You know if you made the tree a bit taller then you could put the treehouse on the top (for the kids) and a drinking room underneath for the adults, using the treehouse floor as the roof.

----------


## Shootm

Project manager isn't to happy with progress. The tree only got the chop on Thursday night. Anyway some more progress today.




Project manager lending a hand.

----------


## HNTMAD

Choice, good to get a project under way while consents team are on annual leave lol.  Cant wait to see next instalment

Sent from my E5823 using Tapatalk

----------


## Shootm

The fun part getting this.



Onto this.

----------


## Rushy

You need a bunch of good bastards from the Manawatu to drop around and provide some lift.

----------


## Shootm

> You need a bunch of good bastards from the Manawatu to drop around and provide some lift.

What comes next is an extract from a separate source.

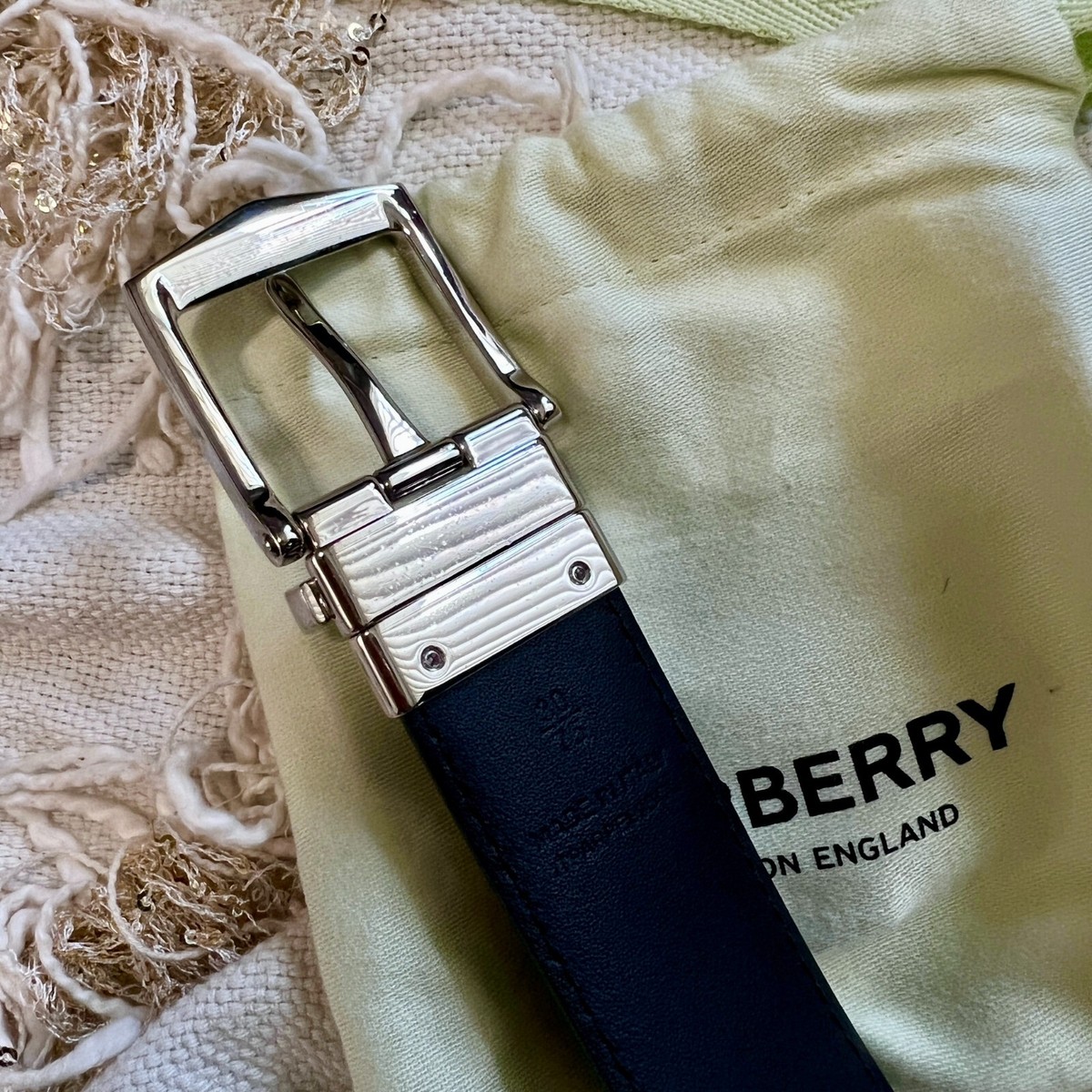 Burberry Men display picture 2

Yep. Do you know any :Thumbsup:

----------


## Rushy

> Yep. Do you know any


Nah. Better hire a hiab.

----------


## Beaker

Sky hook and a reco?

(And yes, I'm subscribing to the gibo/rushy/etc... method of posting totally unhelpfully posts  :Have A Nice Day:  )

----------


## Maca49

I've got a couple of engine lifters I lend you? :ORLY:

----------


## Rushy

I have been thinking about this all night and have come up with an engineering solution.  Look at the platform the wrong way through a pair of  bino's.  Pick it up with a pair of tweezers and place it on the stump.  Sorted.

----------


## Shootm

A bit more done this morning. I'm no builder but winging it with making frames.

----------


## Shootm

Also got a bit done on foundations.

----------


## Rushy

Framing looks OK to me Shootm.

----------


## Dynastar27

That is going to be awesome when finished looks huge

----------


## Shootm

Got 3.5 of the walls done but the rain is starting to piss me off.

----------


## clickbang

That's awesome. I thought I got carried away with a large playhouse.
Overkill is underrated 😀

----------


## Shootm

All righty got going on the tree house again. 
Shaka came round and we got the walls up and most of the roof framing done.
Got to go to a BBQ so more tomorrow.

----------


## Shootm

Another day of progress today, finished framing the roof and got building wrap on roof by myself in the bloody wind :Pissed Off: 
Project manager is happy with progress for a change.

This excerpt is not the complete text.